Before Rudy Eugene, a Miami man known as the "Miami Zombie," viciously assaulted a homeless man, Ronald Poppo over Memorial Day Weekend, few people knew what bath salts were. The nation is now buzzing about this synthetic drug after it was revealed that the “Miami Zombie” may have been under the influence of bath salts when he performed an act of cannibalism on an innocent homeless man and was subsequently shot to death by a Miami police officer. Shortly after this news story broke a bath salt company known as AM-HI-CO sent out a Twitter Message offering discounted bath salts, which gained even more media attention because few knew that this dangerous drug can be obtained openly and locally in stores known as "head shops" and gas stations.
Now the million-dollar question is what are bath salts? Bath Salts are a synthetic drug capable of producing violent psychotic episodes. They are marketed as bath salts but labeled "not for human consumption" to avoid legal ramifications. However, the DEA has already issued a ban on the chemical compounds found in bath salts but companies slightly alter the chemical makeup of the drug and continue selling it under names like "Ivory Wave" "Bliss" and "Vanilla Sky."
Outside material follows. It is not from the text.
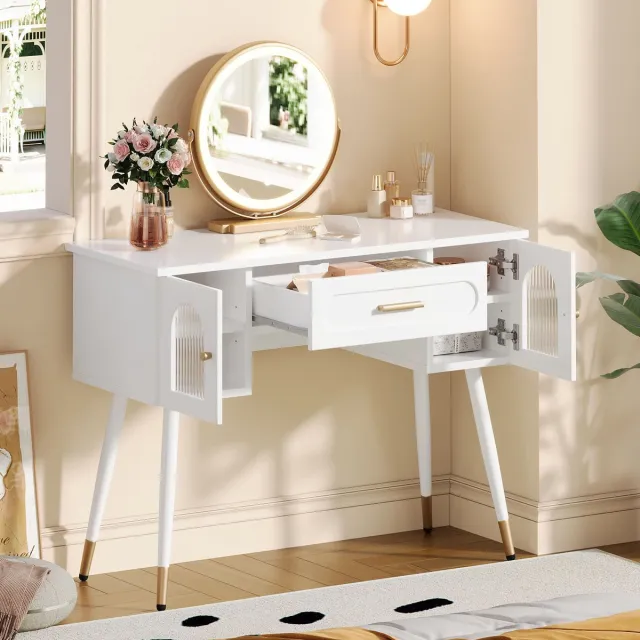 Zubaliya Kaptafel met LED-spiegel, lade en 2 kastdeuren - wit en goudkleurig - 100 x 42 x 112 cm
The DEA ban came after emergency rooms and poison control call centers were flooded with an alarming number of cases of bath salt abuse in 2011. Emergency room doctors and nurses had reportedly never seen patients presenting such highly erratic psychotic, paranoid and violent behavior. This has caused a health conundrum because without knowing the exact chemical makeup of the drug there are no known pharmacological effects, antidotes or mechanisms to treat patients who have ingested or snorted bath salts.
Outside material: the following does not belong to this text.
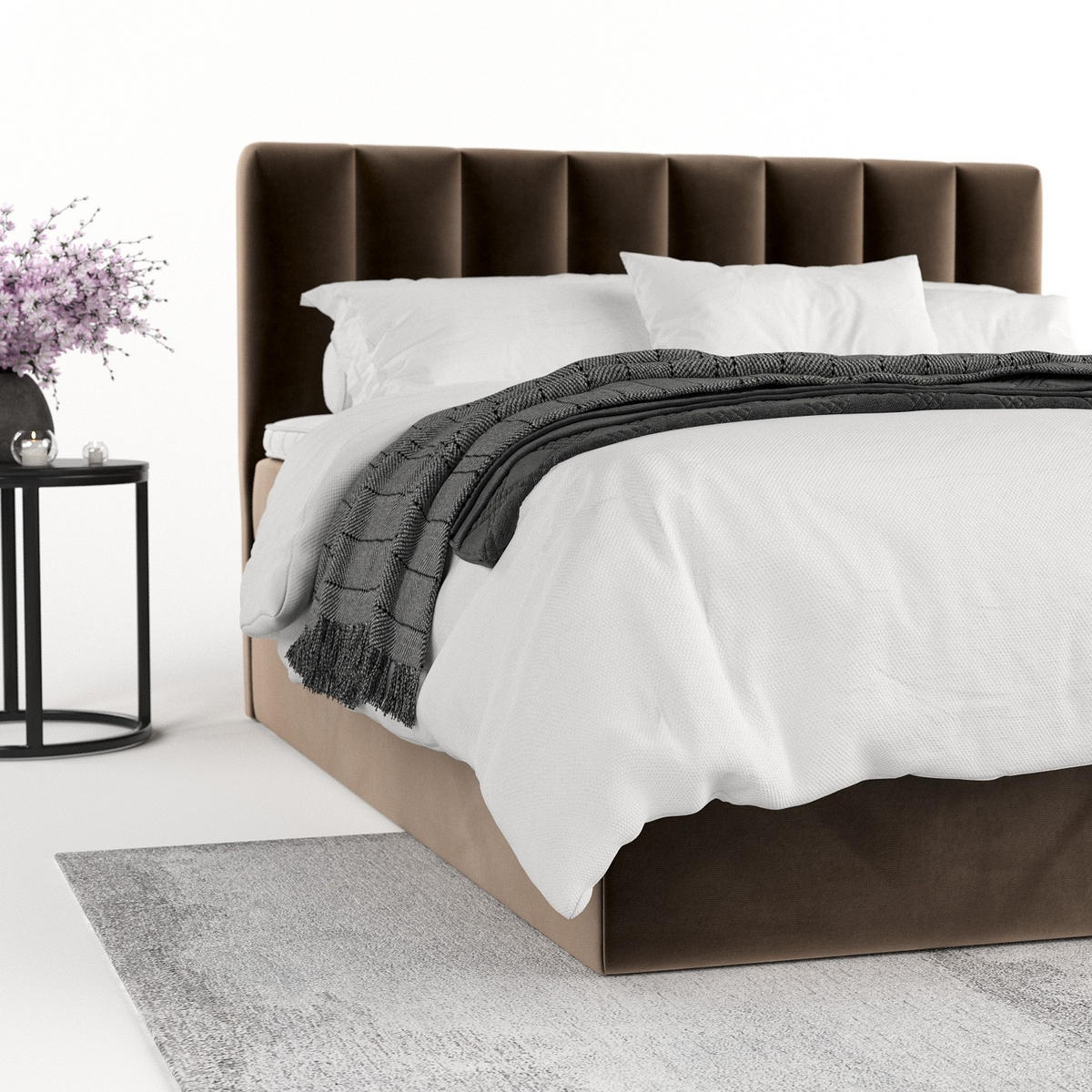 BOXBETT Lusso 180/200 cm Braun im Paros Stoff - Schwarz/Braun, Holz/Holzwerkstoff (180/200cm) - AltaBeds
The popularity of bath salts has grown over the past three years especially among teens and young adults who can easily obtain the drugs at local mini-marts and head shops. The rise of bath salt abuse is also reported among those who are routinely drug tested at treatment centers and sober living homes because they don't show up on drug tests. However, several drug testing labs can now test for chemicals in bath salts but the results take a few days – long after the physical, mental and societal harm has been done.
Breaking news stories such as the "Miami Zombie Attack" will serve to educate the public over the dangers associated with bath salts. The Director of the National Institute on Drug Abuse put this crisis into perspective when she advised “I would like to urge parents, teachers, and the public at large to be aware of the potential dangers associated with the use of these drugs and to exercise a judicious level of vigilance that will help us deal with this problem most effectively.”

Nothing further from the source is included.